# Help? Please? potty training.



## Joe (Apr 9, 2005)

I sympathize with your problem. But this is quite normal I have to say.
We had that very same problem with Kia and it went away when she was approx. 6 months old. And the very same with Lila (our other Golden), in her case it took approx. one more month longer. She is now 8months old and it still happens, but very very rarely.
It's just that your golden is still a puppy. 
Please if you have patience, never scold Abbiedale for such accident unless you catch him in the act.
He is really not urinating deliberately, even if it may seem like it. It is just that his bladder is not fully developed to hold the urine.
Any excitiment can cause urinating. Also their memory span is very short at this age. He is still learning, don't forget that 
Believe me, this will come with time. 4 months, is still very young to expect from him to completely control his bladder, even if you consider him 
housebroken. 
Another scenario is if your puppy is not properly house broken, but I really think it's very easy to mistake it at this age with puppy bladder control problem.
Just keep on doing what you do now. Praise him a lot for doing it outside and accidents at home will happen less often and trust me... one day you will simply not remember when it happened the last time. 

Joe


----------



## Buffy & Abby's Mom (Nov 27, 2005)

I've had many dogs over the years. I heard a long time ago that puppies cannot be completely housebroken until they are 6 months because physically their bodies are not capable. Just like a baby usually is not trained til 2 years. My personal experiences with all of my puppies bear this out. Just think - you only have 2 more months to go!


----------



## monomer (Apr 21, 2005)

My suggestion is get the crate *now*... you wait much longer and you won't need it. We typically 'retire' the crate by 4 or 5 months of age. The crate allows you to be 100% vigilant... because if you cannot be interacting with your pup or otherwise be giving her your undivided attention then she should be in the crate. The 'trick' is to always (100% of the time) catch her right at the start of the act and quickly usher her outside (FYI: tucking the tail under is the "off" switch)... no yelling or scolding is really necessary, trust me she will sense your displeasure. Scolding after the act is not only ineffective, its very damaging to the dog/human bond you are trying to create at this age. The reason the crate is so much easier to 'apply' properly with a very young puppy is that they sleep so much anyway and for the short period they are active its easier to dedicate the full time to them. With older puppies its becomes very time consuming to do this and so you either settle for less vigilance (i.e. learning will then take a very long time indeed) or you make the crate a veritable prison for the pup by confining her for long periods of awake time... this is cruel and unusual punishment! and to be avoided at all costs. Bottom line here is Abbie will be housebroken as an adult, there is no question about that... the only real question then is "When?" You know there are several other threads 'floating' around that contain some very good advice about this very issue... do a search, take some time and read through those threads.

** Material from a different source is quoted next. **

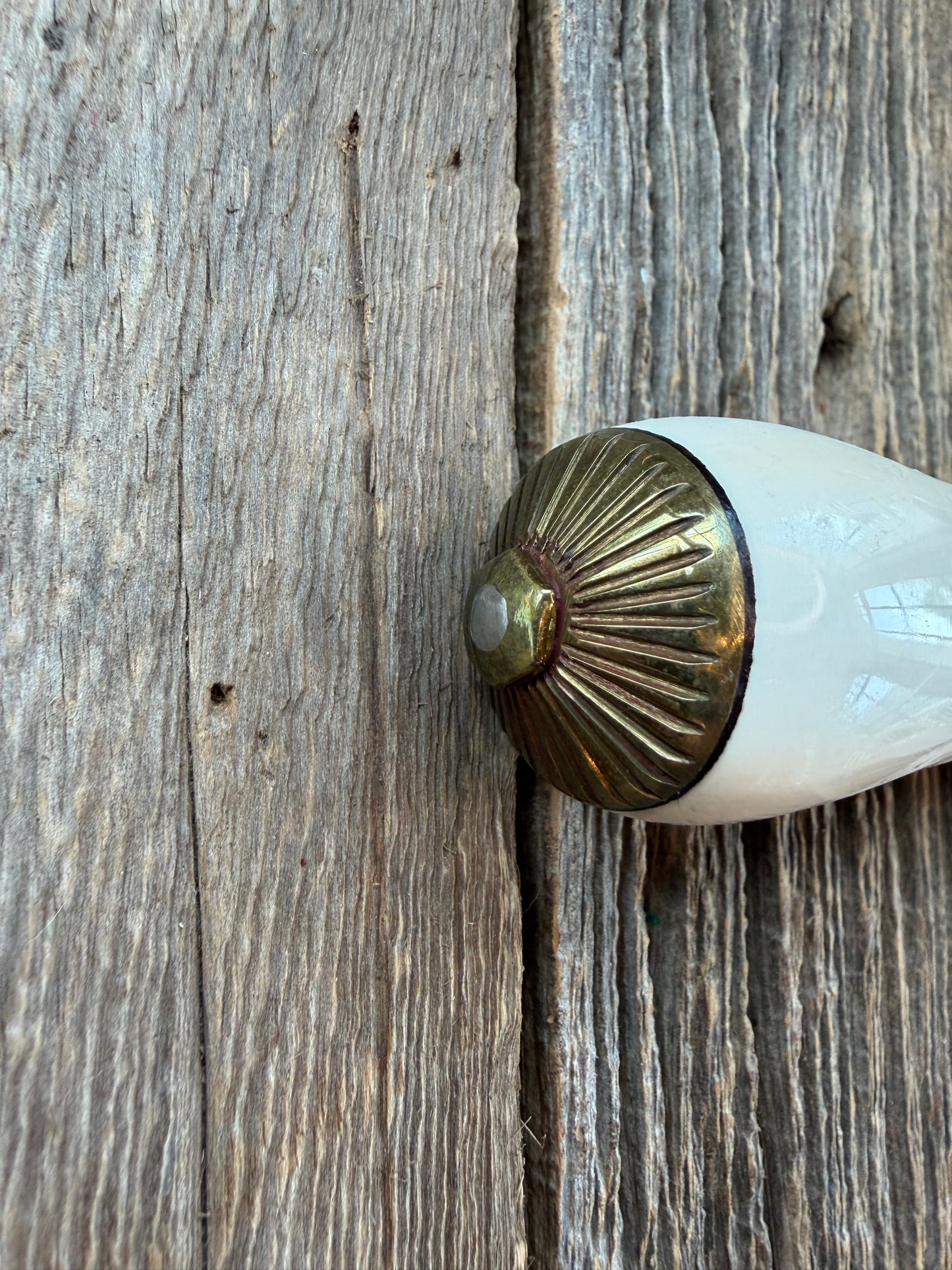 Randall Knife Model 13-6 Small Arkansas Toothpick in Elephant Ivory. Lugged Hilt, Scalloped brass collar and Coolie bottom,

EDIT: Also you can help speed up the "signaling" thing a little by 'kick starting' it... whenever Abbie goes near the backdoor, just open it up and let her out, even if its just for play she will begin to associate approaching the backdoor means someone's going to let me outside. Once she gets to the point where she goes to the door every 15-minutes you know she's got the idea... the novelty will wear off after awhile but at least you now have a "signal".


----------